- EXTRACTED MATERIAL -
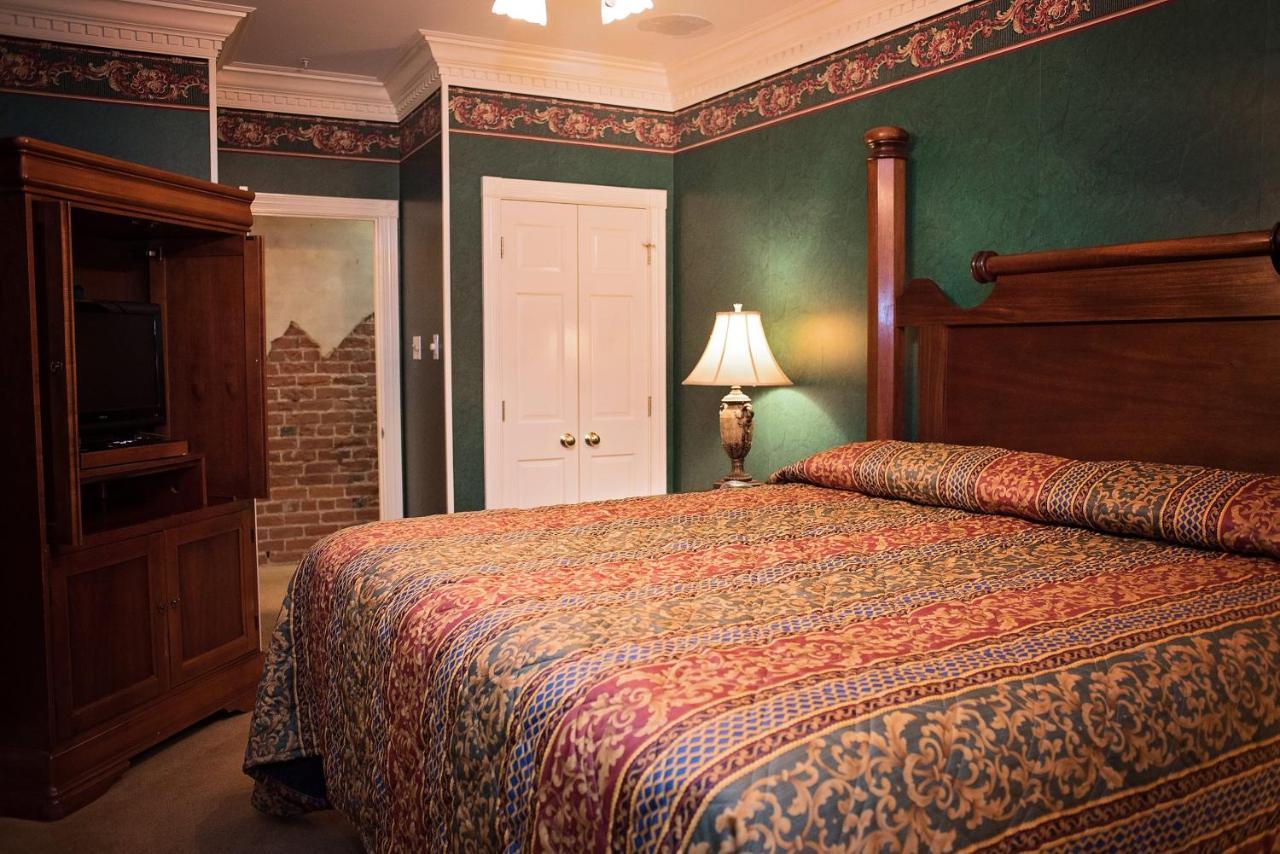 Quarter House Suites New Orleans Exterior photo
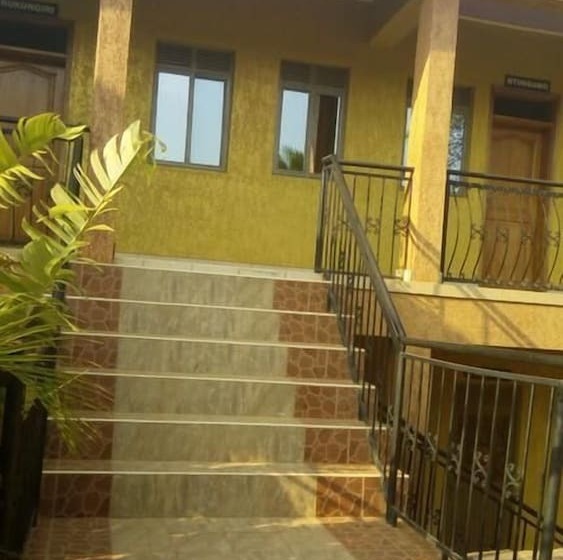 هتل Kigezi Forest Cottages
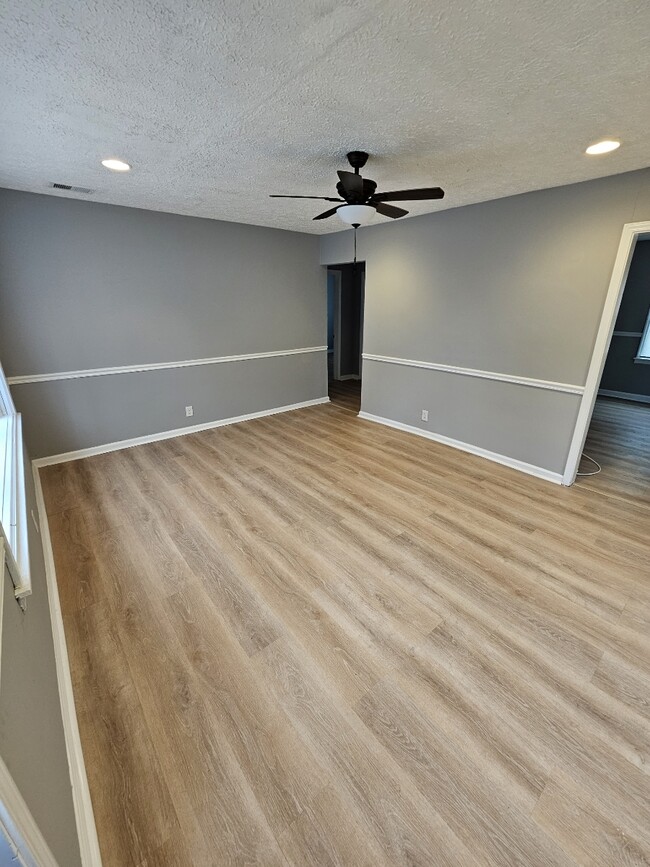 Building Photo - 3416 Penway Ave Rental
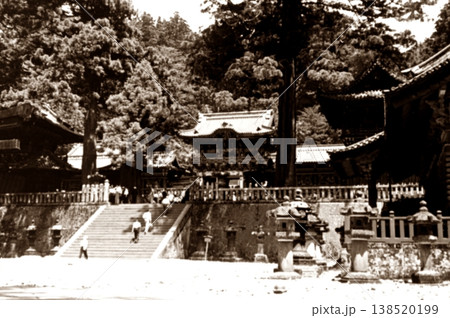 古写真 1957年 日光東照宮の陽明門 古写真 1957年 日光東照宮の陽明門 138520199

--

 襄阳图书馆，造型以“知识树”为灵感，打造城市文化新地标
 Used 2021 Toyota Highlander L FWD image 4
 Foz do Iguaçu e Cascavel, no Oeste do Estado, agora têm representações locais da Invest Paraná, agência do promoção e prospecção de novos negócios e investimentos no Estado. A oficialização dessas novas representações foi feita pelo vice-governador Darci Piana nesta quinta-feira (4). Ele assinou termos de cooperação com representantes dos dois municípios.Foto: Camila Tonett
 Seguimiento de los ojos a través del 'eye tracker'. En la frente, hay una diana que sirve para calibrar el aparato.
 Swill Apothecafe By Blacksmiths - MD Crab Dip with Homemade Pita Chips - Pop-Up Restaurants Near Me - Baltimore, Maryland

...

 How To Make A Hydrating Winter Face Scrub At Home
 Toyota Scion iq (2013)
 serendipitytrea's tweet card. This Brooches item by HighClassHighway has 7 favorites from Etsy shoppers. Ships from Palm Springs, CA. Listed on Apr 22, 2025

- GOAL OF THE EXERCISE -
Once the line with "Building Photo - 3416 Penway Ave Rental" has been found above, output that line and every later line exactly, stopping after the line with "古写真 1957年 日光東照宮の陽明門 古写真", and omit the pictures.

- RESPONSE TO THE EXERCISE -
 Building Photo - 3416 Penway Ave Rental
 古写真 1957年 日光東照宮の陽明門 古写真 1957年 日光東照宮の陽明門 138520199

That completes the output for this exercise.